■ Required action ■
Your task is to transcribe the data exactly while omitting each picture.

■ Dataset extract ■

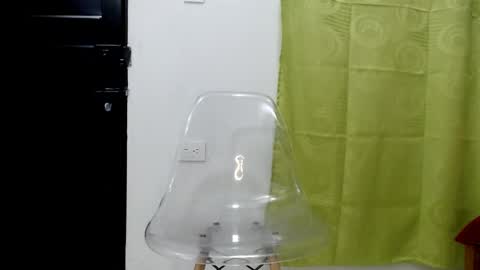 pamelaskiny20 online show from April 21, 2026, 2:37 am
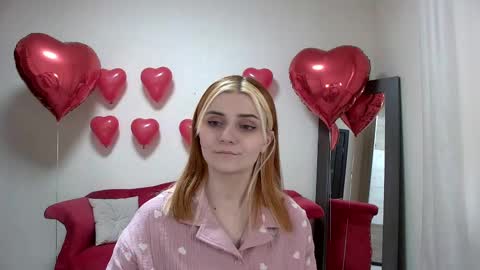Snapshot of kellystoneys chatting on 02.10.25 Kelly Stoneys online show from 02.10.25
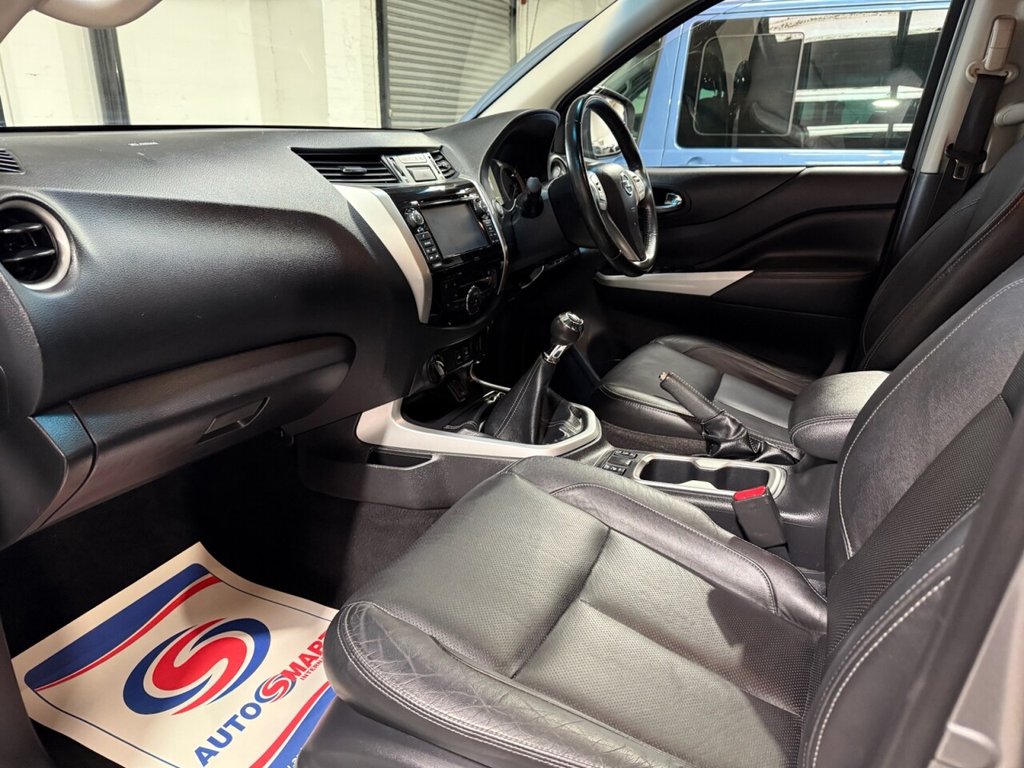 Used Nissan Navara 2018 for sale - 76396487: Photo 25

■ Expected answer ■
 pamelaskiny20 online show from April 21, 2026, 2:37 am
Snapshot of kellystoneys chatting on 02.10.25 Kelly Stoneys online show from 02.10.25
 Used Nissan Navara 2018 for sale - 76396487: Photo 25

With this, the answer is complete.